You Say Tomato, I Say Tomato
In Dana’s Railroad Supply v. Florida Attorney General, Case No. 14-14427 (decided November 4, 2015), the United States Court of Appeals for the Eleventh Circuit addressed an interesting issue involving the application of the First Amendment to commercial speech. The Court concluded that the State of Florida was improperly regulating commercial speech by authorizing one type of conduct and penalizing other conduct when, in the Court’s view, there was no difference between the two types of conduct. In the Court’s view, the statute at issue drew a distinction merely over how the conduct was labeled. That penalizing of a label violated the First Amendment.
The case involved a Florida statute that regulates the options that Florida retailers have for handling credit card processing fees. Credit card companies collect a fee from retailers on every credit transaction, reducing what the retailer receives for its goods or services from the customer paying with credit. The statute makes it a misdemeanor for a seller to “impose a surcharge on the buyer or lessee for electing to use a credit card.” Fla. Stat. § 501.0117(1)-(2). However, the statute also expressly allows “the offering if a discount for the purpose of inducing payment by cash.” Id. § 501.0117(1). A collection of retailers filed a lawsuit challenging the statute, and the Eleventh Circuit upheld their challenge.
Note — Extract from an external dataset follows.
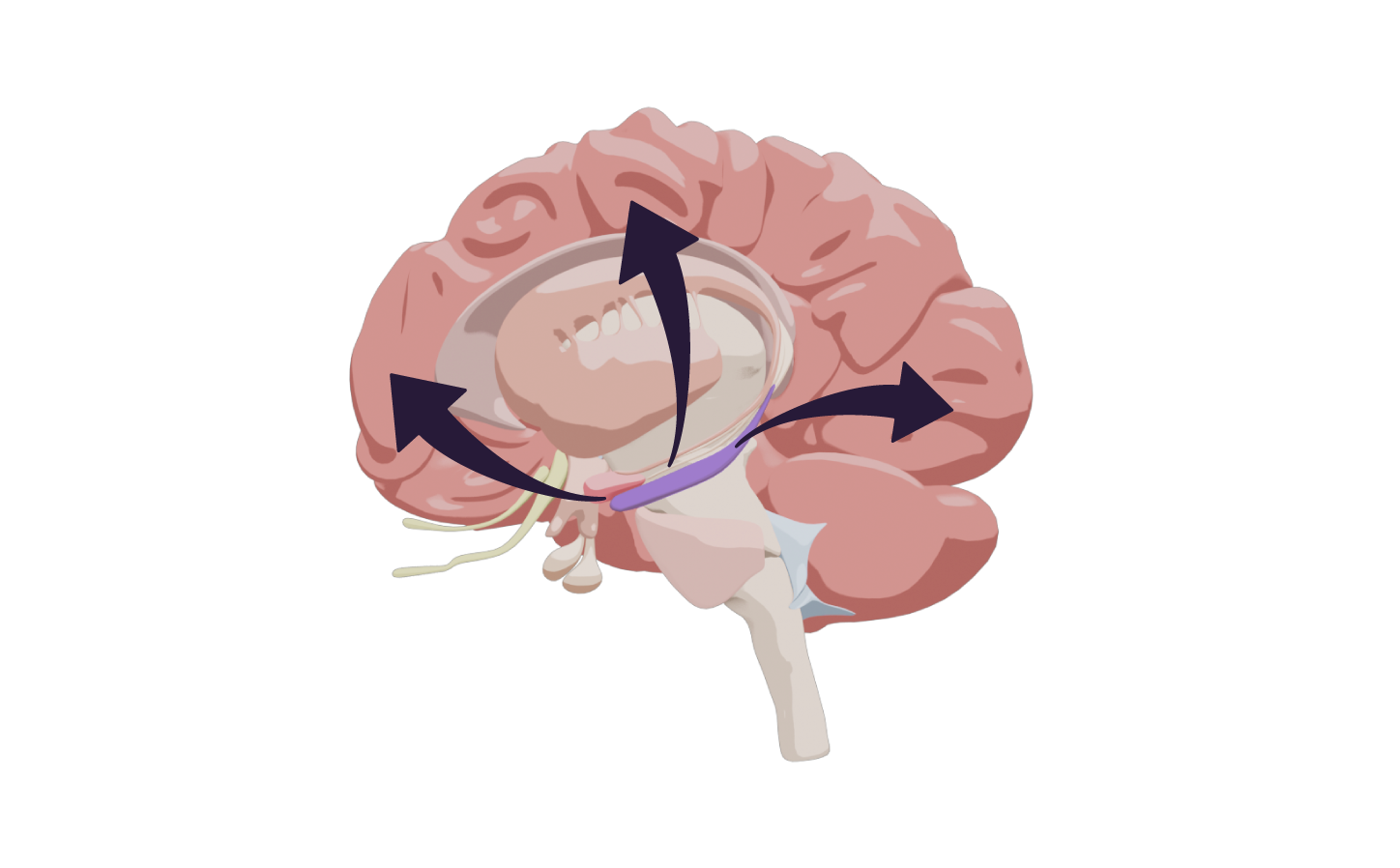 Illustration 3D du cerveau avec coloré l'hippocampe. Et 3 flèches venant de l'hippocampe, et allant vers le cortex.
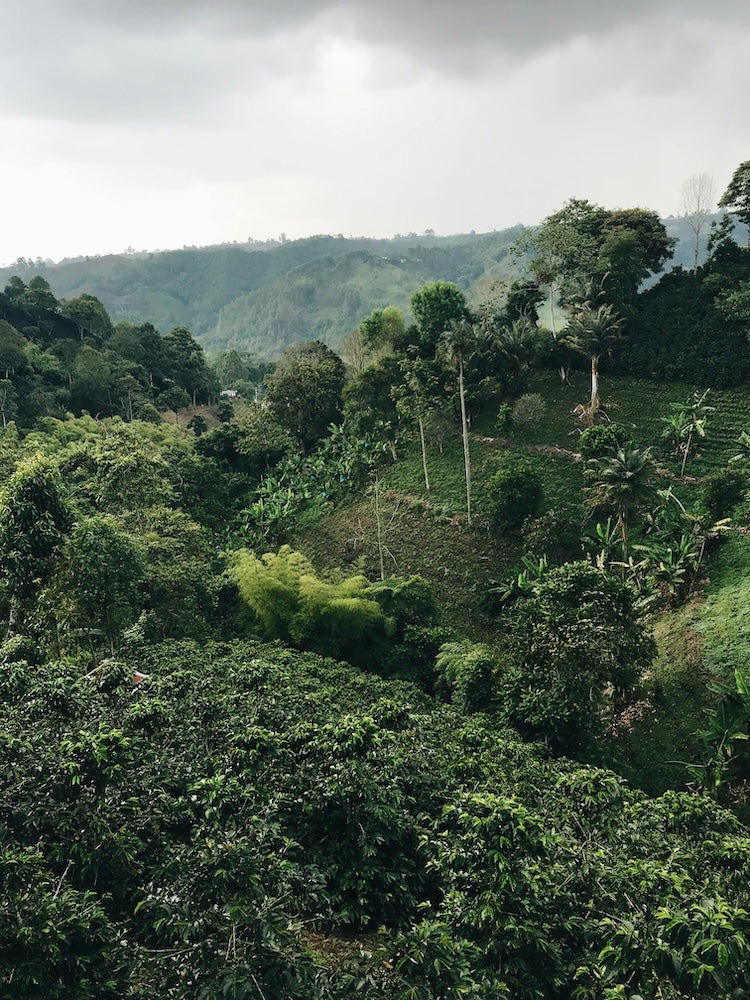 Kaffeefarm El Porvenir in Kolumbien – Kaffeeanbau und Ernte für 19grams Single Origin Specialty Coffee aus Kolumbien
In the opinion of the Court majority, there was no functional distinction between a surcharge for using a credit card and a discount for using cash. In both cases, the retailer had two prices: a credit price and a cash price. If the retailer said “this is my price, but I will charge you a higher price if you use a credit card,” that would violate the statute. However, if he said “this is my price, but I will give you a discount if you pay in cash,” that was allowed. In the opinion of the majority, what was being punished was not a difference in conduct (having two prices, a cash price, and a higher credit price) but a difference in how the retailer described its conduct. Because the Court majority found that Florida had not articulated a sufficient justification for treating the same conduct in different ways based on how it was labeled, the Court concluded that the Florida statute violated the First Amendment.
In recent years, courts have become more attentive to the application of the First Amendment to commercial speech. Reading the advance reports, one sees more and more instances in which businesses are resisting regulations on the grounds that they infringe First Amendment rights either by compelling speech or prohibiting truthful speech. The decision of the Eleventh Circuit in the Dana’s Railroad Supply case is evidence of that trend.